Indemnification under this Section 4.4 shall include
reasonable fees and expenses of counsel and expenses of litigation and shall
survive payment of the Notes and the Certificate. The indemnity obligations
hereunder shall be in addition to any obligation that Seller may otherwise have.
ARTICLE V.
REPURCHASES
SECTION 5.1 REPURCHASE OF RECEIVABLES UPON BREACH OF WARRANTY.
Upon the occurrence of a Repurchase Event, Seller shall, unless the breach which
is the subject of such Repurchase Event shall have been cured in all material
respects, repurchase the Receivable relating thereto from the Issuer and,
simultaneously with the repurchase of the Receivable, Seller shall deposit the
Purchase Amount in full, without deduction or offset, to the Collection Account,
pursuant to Section 3.2 of the Sale and Servicing Agreement.
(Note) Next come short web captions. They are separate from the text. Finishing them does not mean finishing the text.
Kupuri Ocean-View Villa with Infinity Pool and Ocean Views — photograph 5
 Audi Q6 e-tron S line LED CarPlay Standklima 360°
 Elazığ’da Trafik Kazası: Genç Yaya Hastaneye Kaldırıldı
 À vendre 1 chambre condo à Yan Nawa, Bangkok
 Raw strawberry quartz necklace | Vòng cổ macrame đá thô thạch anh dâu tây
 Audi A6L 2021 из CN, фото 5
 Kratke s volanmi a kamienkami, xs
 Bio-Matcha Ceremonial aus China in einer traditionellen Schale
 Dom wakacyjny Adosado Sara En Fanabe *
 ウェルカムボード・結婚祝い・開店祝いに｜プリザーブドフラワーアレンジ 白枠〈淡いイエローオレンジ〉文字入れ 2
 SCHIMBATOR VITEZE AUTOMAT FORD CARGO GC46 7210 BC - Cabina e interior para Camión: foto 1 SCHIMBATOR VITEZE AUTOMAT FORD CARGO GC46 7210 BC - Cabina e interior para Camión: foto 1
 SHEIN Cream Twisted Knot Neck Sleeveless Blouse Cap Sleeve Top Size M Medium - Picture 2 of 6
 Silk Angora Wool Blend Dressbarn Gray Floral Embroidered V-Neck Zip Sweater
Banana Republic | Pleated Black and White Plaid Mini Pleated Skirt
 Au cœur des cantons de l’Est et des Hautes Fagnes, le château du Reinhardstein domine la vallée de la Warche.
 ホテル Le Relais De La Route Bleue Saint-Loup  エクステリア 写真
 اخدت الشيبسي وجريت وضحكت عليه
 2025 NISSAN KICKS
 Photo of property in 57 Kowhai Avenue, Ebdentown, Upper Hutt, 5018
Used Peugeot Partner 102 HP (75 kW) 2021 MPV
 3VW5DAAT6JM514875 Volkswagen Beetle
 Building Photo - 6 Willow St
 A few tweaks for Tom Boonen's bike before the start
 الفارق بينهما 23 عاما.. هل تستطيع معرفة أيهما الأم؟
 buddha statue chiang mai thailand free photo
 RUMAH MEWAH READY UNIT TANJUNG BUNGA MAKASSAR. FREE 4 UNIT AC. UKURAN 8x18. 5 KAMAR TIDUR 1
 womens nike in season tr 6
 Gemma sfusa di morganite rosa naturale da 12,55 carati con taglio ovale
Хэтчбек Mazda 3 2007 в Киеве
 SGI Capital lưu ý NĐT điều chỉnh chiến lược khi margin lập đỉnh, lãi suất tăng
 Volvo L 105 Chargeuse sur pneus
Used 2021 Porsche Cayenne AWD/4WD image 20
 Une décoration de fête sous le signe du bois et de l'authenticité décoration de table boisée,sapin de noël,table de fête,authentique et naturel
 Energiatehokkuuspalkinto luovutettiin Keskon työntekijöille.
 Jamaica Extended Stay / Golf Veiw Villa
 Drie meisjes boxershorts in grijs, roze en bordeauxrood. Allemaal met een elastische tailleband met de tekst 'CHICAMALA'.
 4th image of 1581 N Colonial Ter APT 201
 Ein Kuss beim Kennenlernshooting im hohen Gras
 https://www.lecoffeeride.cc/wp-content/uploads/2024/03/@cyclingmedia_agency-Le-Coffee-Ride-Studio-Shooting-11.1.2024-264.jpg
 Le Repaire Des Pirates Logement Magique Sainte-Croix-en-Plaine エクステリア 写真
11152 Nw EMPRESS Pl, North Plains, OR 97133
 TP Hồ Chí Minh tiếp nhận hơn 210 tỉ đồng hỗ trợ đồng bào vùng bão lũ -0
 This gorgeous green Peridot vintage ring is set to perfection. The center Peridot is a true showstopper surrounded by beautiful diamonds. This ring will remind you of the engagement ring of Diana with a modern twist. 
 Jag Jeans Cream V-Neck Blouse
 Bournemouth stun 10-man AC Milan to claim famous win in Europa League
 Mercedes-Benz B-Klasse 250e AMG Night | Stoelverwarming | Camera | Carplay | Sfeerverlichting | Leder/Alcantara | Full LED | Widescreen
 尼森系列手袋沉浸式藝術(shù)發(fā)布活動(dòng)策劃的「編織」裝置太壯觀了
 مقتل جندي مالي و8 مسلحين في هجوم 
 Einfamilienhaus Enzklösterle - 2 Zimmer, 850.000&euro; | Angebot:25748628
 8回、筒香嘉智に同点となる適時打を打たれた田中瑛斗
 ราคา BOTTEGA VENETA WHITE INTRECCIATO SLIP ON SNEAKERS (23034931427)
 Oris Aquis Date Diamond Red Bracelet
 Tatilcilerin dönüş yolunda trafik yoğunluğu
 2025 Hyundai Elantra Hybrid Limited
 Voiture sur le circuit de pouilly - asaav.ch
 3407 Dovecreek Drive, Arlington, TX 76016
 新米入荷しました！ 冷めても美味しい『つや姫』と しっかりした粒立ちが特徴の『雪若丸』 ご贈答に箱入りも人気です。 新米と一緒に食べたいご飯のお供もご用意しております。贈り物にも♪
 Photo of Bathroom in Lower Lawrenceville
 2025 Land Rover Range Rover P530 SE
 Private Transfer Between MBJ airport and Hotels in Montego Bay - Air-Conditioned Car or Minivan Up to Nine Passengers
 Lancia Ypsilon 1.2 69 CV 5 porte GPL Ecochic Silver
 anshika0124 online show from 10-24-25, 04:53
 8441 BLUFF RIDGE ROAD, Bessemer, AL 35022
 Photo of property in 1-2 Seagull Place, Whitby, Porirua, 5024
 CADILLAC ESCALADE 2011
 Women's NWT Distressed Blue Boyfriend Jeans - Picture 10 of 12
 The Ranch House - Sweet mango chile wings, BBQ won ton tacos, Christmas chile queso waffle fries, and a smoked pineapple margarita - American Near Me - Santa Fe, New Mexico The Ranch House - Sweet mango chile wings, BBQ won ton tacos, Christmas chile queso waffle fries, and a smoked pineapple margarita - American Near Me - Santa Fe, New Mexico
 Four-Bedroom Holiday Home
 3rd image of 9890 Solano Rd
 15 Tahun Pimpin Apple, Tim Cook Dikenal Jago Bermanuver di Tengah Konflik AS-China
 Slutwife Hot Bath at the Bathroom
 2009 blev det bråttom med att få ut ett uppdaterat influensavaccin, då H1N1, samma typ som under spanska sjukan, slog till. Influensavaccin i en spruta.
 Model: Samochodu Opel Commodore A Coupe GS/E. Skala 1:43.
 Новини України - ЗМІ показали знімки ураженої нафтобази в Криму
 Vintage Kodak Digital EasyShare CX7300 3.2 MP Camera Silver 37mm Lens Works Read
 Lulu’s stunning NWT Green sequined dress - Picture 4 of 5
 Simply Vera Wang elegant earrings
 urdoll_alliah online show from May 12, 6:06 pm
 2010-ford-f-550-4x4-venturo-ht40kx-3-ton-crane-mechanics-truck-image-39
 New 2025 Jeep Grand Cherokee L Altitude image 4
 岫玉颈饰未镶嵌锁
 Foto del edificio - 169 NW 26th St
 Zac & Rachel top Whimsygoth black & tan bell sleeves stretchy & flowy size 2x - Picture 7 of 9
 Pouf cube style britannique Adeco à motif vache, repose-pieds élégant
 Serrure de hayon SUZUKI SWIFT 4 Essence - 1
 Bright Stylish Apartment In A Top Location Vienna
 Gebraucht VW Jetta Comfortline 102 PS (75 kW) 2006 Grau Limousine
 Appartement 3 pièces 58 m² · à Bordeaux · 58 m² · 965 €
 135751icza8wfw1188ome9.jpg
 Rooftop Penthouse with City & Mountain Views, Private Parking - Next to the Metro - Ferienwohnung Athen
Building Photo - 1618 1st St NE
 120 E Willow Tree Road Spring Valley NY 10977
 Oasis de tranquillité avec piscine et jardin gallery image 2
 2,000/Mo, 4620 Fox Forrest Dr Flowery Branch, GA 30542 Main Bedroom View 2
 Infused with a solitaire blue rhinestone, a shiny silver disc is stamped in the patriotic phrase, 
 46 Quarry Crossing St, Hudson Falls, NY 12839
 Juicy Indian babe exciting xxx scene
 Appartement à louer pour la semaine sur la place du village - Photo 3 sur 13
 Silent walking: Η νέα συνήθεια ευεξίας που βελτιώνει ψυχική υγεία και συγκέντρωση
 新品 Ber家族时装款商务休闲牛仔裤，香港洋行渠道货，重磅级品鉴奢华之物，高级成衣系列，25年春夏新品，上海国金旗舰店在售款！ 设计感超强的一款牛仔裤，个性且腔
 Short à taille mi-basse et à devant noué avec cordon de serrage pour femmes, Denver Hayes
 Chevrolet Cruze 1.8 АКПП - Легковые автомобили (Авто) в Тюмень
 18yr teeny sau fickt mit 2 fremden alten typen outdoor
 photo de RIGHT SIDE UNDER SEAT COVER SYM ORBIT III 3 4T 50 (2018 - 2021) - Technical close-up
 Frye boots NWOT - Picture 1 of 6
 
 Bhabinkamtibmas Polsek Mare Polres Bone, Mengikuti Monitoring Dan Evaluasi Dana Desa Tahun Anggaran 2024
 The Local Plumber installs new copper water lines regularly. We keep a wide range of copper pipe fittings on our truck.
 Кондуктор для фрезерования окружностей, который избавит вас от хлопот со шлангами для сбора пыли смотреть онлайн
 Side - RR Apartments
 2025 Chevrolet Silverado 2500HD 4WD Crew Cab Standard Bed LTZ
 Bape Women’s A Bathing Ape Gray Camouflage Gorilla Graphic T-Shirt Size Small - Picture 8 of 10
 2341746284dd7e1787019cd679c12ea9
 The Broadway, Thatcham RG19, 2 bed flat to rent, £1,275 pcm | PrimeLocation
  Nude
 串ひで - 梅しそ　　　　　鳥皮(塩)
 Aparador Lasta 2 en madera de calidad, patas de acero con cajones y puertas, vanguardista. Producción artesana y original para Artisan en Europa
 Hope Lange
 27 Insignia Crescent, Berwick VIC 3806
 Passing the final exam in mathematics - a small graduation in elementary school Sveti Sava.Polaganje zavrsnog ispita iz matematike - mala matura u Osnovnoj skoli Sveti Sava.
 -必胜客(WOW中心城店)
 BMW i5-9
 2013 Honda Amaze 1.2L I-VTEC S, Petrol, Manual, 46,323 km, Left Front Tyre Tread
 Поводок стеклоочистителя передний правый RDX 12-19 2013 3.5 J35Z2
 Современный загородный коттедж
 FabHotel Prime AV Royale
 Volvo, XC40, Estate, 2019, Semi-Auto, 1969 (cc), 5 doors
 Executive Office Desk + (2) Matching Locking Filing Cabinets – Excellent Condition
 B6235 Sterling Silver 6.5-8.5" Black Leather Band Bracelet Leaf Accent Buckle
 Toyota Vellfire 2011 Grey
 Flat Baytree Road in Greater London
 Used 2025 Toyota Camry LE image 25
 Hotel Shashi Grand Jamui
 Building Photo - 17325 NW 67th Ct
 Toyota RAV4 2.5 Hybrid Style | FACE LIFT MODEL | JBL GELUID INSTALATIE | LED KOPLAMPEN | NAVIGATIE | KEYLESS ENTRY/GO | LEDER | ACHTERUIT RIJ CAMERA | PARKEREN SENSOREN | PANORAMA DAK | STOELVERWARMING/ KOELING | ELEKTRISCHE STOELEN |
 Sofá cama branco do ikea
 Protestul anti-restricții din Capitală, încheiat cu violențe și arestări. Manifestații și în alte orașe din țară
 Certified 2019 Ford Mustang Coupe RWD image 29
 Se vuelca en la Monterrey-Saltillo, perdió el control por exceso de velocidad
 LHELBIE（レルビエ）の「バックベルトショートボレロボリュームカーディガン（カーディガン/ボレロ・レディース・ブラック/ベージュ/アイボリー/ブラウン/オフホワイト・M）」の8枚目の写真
It is understood
and agreed that, except as set forth in Section 6.1 hereof, the obligation of
Seller to repurchase any Receivable, as to which a breach occurred and is
continuing, shall, if such obligation is fulfilled, constitute the sole remedy
against Seller for such breach available to Purchaser, the Issuer, the Insurer,
the Backup Servicer, the Noteholders, the Certificateholder, the Trust
Collateral Agent on behalf of
12
the Noteholders or the Owner Trustee on behalf of the Certificateholder. The
provisions of this Section 5.1 are intended to grant the Issuer and the Trust
Collateral Agent a direct right against Seller to demand performance
hereunder, and in connection therewith, Seller waives any requirement of
prior demand against Purchaser with respect to such repurchase obligation.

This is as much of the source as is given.